# [Assignment]
Of the material below, only the lines from the line containing "VaraPro™ Vandtæt Vinterjakke" down to the line containing "Retrosuperfuture America Francis" belong in the answer, written out exactly.

─── Excerpted records ───

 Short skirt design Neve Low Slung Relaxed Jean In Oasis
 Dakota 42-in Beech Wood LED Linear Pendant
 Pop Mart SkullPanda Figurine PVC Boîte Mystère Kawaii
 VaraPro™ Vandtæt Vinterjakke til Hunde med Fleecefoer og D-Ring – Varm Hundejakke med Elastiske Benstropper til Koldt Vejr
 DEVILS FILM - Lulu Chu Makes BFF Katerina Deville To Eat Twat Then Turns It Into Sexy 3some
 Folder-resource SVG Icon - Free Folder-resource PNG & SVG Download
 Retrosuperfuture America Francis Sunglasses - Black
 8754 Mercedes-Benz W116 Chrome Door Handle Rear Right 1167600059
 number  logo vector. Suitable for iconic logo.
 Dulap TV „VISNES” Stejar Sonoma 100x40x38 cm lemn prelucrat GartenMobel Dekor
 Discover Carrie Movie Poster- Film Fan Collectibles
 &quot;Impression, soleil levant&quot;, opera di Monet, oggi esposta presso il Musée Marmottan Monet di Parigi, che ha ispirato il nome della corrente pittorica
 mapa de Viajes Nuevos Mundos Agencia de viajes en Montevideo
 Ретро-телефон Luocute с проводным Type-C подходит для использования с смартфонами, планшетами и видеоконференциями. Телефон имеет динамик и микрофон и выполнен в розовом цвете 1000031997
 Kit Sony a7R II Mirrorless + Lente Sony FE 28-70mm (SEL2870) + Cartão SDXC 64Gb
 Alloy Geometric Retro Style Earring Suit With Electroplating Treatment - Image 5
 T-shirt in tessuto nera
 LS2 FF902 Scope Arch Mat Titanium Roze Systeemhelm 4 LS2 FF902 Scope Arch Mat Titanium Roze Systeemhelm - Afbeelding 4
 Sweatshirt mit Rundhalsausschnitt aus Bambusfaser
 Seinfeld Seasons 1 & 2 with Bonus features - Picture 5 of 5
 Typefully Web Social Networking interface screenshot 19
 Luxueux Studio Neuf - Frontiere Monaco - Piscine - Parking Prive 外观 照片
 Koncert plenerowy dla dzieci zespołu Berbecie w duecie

───

# [Exercise solution]
 VaraPro™ Vandtæt Vinterjakke til Hunde med Fleecefoer og D-Ring – Varm Hundejakke med Elastiske Benstropper til Koldt Vejr
 DEVILS FILM - Lulu Chu Makes BFF Katerina Deville To Eat Twat Then Turns It Into Sexy 3some
 Folder-resource SVG Icon - Free Folder-resource PNG & SVG Download
 Retrosuperfuture America Francis Sunglasses - Black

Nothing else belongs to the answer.